The book is a tale of the unusual romance between likable thief, Zal Innez, and D.I. Angelique de Xavia, the police officer whose job it is to catch him. Martial arts expert de Xavia is recovering from her recent experiences as told in A Big Boy Did It and Ran Away.

The book uses a blend of black humour, strong language, violence and references to literary and artistic works such as Waiting for Godot by Samuel Beckett.

== Plot summary ==
The plot of The Sacred Art of Stealing tells the story of American Zal Innez, a witty and intellectual art-loving thief, who is being blackmailed by crime boss Alessandro Estabol to do one last major job for him.
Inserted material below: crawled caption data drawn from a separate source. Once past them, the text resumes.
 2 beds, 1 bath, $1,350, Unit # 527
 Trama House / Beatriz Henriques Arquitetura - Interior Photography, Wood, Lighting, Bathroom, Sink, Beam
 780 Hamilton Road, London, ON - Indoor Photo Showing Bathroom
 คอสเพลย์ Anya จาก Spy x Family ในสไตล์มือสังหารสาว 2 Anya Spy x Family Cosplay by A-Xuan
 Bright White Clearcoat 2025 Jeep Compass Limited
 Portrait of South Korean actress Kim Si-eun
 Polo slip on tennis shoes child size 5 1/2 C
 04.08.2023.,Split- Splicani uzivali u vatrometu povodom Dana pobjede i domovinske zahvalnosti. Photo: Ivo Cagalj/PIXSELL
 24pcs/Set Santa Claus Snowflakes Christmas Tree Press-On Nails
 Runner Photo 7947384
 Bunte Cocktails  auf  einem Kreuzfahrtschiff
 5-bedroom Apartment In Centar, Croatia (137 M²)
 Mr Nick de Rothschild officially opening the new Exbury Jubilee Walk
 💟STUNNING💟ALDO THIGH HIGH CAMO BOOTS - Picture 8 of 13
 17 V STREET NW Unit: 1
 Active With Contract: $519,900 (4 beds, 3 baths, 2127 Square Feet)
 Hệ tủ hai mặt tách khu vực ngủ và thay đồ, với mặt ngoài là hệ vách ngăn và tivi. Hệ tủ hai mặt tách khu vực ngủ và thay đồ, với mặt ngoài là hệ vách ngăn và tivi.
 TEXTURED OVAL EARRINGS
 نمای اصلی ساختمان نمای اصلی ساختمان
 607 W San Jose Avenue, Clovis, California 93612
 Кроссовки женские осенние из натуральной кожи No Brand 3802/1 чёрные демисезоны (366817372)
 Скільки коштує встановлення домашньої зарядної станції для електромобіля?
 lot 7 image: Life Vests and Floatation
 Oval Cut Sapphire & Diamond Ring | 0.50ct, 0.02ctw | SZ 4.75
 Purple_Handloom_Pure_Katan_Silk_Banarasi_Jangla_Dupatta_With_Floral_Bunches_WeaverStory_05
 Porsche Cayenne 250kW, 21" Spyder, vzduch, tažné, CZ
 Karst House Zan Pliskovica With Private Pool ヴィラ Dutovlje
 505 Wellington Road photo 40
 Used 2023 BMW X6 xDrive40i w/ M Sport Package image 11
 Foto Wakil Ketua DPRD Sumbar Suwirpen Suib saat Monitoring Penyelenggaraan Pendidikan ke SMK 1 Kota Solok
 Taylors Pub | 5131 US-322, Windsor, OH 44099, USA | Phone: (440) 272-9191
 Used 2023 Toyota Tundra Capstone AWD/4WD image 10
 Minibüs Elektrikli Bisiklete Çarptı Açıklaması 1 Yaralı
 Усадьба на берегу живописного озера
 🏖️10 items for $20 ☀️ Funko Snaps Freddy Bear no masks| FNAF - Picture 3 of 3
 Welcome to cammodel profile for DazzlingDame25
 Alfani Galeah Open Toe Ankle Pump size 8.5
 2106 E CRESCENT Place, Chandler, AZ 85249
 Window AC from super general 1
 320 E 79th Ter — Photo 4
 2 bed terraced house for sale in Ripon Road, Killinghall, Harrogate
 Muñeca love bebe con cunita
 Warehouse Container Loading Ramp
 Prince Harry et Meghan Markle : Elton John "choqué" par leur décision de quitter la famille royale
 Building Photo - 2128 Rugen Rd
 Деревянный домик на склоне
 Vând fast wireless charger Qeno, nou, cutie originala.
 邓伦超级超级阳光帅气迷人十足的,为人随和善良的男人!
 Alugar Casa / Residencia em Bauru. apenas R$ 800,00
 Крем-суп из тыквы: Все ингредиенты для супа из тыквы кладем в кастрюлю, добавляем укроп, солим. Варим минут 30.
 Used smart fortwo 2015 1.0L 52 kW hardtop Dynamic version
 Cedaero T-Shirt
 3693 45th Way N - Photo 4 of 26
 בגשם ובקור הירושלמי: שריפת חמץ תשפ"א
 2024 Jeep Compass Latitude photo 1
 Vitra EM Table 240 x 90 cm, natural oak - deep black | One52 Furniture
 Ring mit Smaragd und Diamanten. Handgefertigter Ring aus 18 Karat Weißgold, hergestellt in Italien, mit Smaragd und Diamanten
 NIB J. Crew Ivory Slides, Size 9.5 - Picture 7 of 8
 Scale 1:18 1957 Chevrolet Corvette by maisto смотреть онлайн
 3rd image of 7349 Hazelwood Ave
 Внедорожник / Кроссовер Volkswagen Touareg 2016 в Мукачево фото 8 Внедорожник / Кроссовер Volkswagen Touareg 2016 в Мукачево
As a warm up to their main heist, Zal and his team of fellow failed artists rob a Glasgow bank of approaching a million pounds. During the raid they use unorthodox methods such as firing itching powder at armed police, carrying fake guns, staging plays and drawing works of art for their hostages to keep casualties to a minimum.

During this robbery Zal meets and falls for a woman police officer, Angelique de Xavia, heroine of Brookmyre's previous novel, who is under-appreciated by her bosses.

Both police officer and thief become painfully aware of the strong attraction between them and a relationship is formed, despite the fact that they are both fully aware that they are on opposite sides. Zal knows Angelique is after him, and even counts on this knowledge to complete his final job, while Angelique is aware that Zal is playing her, even though she does not want to contemplate what that might imply about his real feelings for her.

==Characters==
- Detective Inspector Angelique de Xavia
  Glaswegian police officer and loyal Rangers supporter (despite the fact she is Catholic and her brother is a Celtic fan) who feels isolated as a female Asian police officer. Angelique is justifiably annoyed with the attitudes of her senior colleagues who have publicly stated that her previous heroics were unjustified, despite secretly knowing that she really saved their skins. When she is held hostage by Zal, a strong connection is created between them and throughout the rest of the book she faces the difficulties of pursuing him while at the same time sympathising with his plight. Also appears in Brookmyre's other novels, A Big Boy did it and Ran Away and A Snowball in Hell.

- Zal Innez
  Machiavellian former artist and thief who, having deliberately been caught during a robbery he was committing for Alessandro Estobal, finds himself out of jail and working for Estobal's again. Estobal is blackmailing him by threatening to kill Zal's friend, and guardian in prison, Parnell. Zal is a likeable American, who is drawn to Glasgow because his father was Glaswegian. He combines wit with a vast literary and artistic knowledge and appreciation. Later returns in Brookmyre's novel, A Snowball in Hell.

- Alessandro Estobal
  Heir to the venerable Estobal crime family. Alsessandro is a young hothead, whose rash methods are frowned on by the rest of the organisation. Alessandro holds a grudge against Zal and his friends who rejected him when he tried to join their crowd, he then had them steal several paintings under the threat of killing Zal's father. Zal intentionally messed the job up to land in jail and as a result Alessandro killed his father. Upon Zal's release from prison Alessandro attempts to coerce him into another robbery, this time by threatening to kill Parnell, a prisoner who helped Zal toughen up both mentally and physically while behind bars.

- "American" Harry Arthur
  Real name Javier Arturo, big-time American gangster and assassin who works for the Estobal family. Harry is very cynical about Alessandro, and believes that he is not up to the job of being the head of the family. As a result, he questions many of Alessandro's plans, including his use of Innez, who Harry (correctly) believes cannot be trusted by them. His nickname is derived from his Mexican origins which Harry appears to be ashamed of, and his desire to put himself across as being 100% American.